Putin’s Selective Revival of Soviet Past Throwing Russia Out of Europe and Back into Asia, Inozemtsev Says

Paul Goble

            Staunton, February 15 – Vladimir Putin in his celebration of the Soviet past wants to strip it of its revolutionary core, a highly selective approach that calls into question his right to claim that Russia is the Soviet Union of today and Russia’s close relationship with Europe, something the Bolshevik revolution reaffirmed, according to Vladislav Inozemtsev.

            In a commentary for the Intersection Project, the Moscow economist points out that there is ever more officially promoted nostalgia for the Soviet Union and that it is increasingly linked to ideology and not just to the sense of loss of geopolitical status engendered by the disintegration of the USSR (

            But suggesting, as Putin has, that the Soviet Union was Russia “only called by a different name,” is simply wrong, Inozemtsev says.  “It was in the first instance a country based on ideas and goals and not by history or national identity.” The conflict between the USSR and the US was one between two super powers “whose very names pointed to their non-national and extra-historical nature.”

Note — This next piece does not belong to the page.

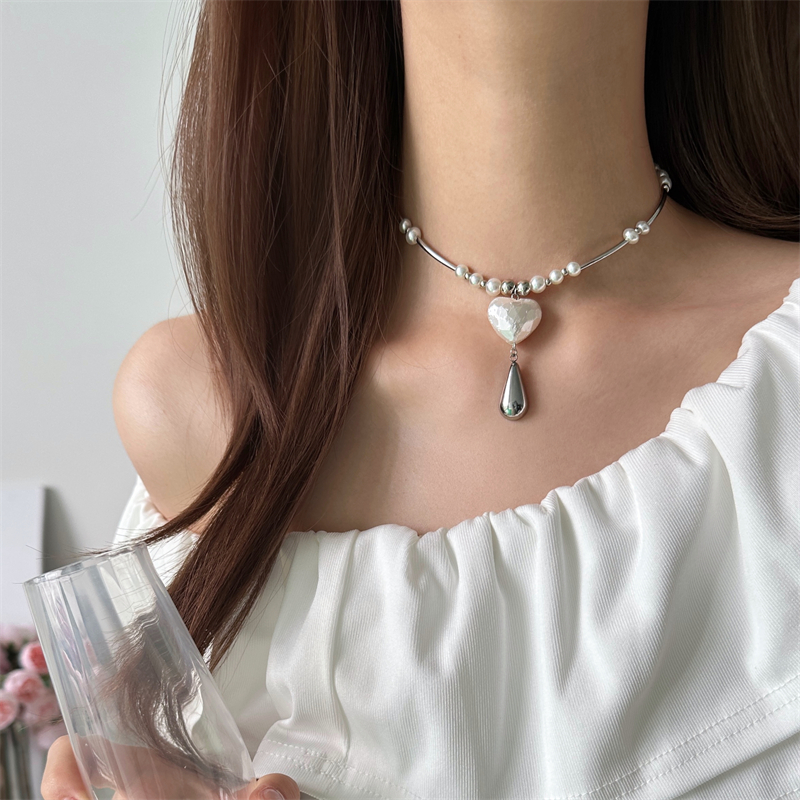 法式巴洛克珍珠爱心水滴项链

            The Russian economist suggests that there were “three fundamental aspects of the Soviet mentality” – “a justification for change, a promotion of equality, and the assertion of internationalism.”  In this essay, he says, he won’t deal with the second or third, especially because they are at odds with a country like Russia today with its thieving bureaucracy.

            Inozemtsev insists that the 1917 Bolshevik revolution “confirmed the European nature of Russia” because “the invention of revolutions … made Europe a center of world civilization.”  Other countries had revolts and pogroms, but Europe was the first to have revolutions, from Magna Carta to the East European revolutions of 1989.

            “The Soviet Union, including both its ruling party and its ‘armed detachment,’ was born in the fires of one of the most dramatic revolutions in history,” one that on the basis of Marxist ideology rejected private property, social strata and privileges and “proclaimed the construction of a society of equality and justice.”

            “The new republic legitimated the Soviets,” it promoted “an extraordinarily harsh secularization,” and it although “organized as a spontaneous federation marched into the world having overthrown the ‘sacred’ ideas of sovereignty in the name of being effective to the greatest degree possible of effectively advancing the world revolution.”

            The USSR, Inozemtsev says, “became the most important transforming force on the global periphery having promoted the destruction of the system of colonial dependency and in this way making an exceptional contribution to present-day globalization.”  The country “even died as it had lived” by declaring “’perestroika’ to be a continuation of the revolution.”

            “Many elements of the Soviet experiment are impossible to celebrate,” but if one is asked to celebrate the Soviet system, one should only do so by accepting all of its aspects, including its revolutionary nature.  In Soviet times, Moscow would have accepted the various “springs” around the world as revolutions and would have seen governments which had lost the support of their populations as illegitimate.

            In short, “the Soviet Union (with the possible exception of the Brezhnev period) was undoubtedly a revolutionary force.” Indeed, Inozemtsev says, “the history of the Soviet Union is inseparable from the revolutionary idea … ‘Stability’ and ‘conservatism’ are concepts incompatible with ‘the nature of ‘Sovietism.’”

            If one understands that, the Moscow analyst continues, it becomes clear that Putin’s Russia is not the Soviet Union of today. Instead, if there is such a country out there, one committed to revolution rather that stability and to being part of Europe rather than an outlier, it is Ukraine.

            Because it is in Ukraine where a revolution is making Ukraine ever more part of Europe and not in Russia where opposition to revolutionary change is “throwing it back to Asia.”  And because that is so, Inozemtsev says, “those unknown activists” who paint Soviet symbols with Ukrainian colors are fundamentally right, however much they may not recognize that fact.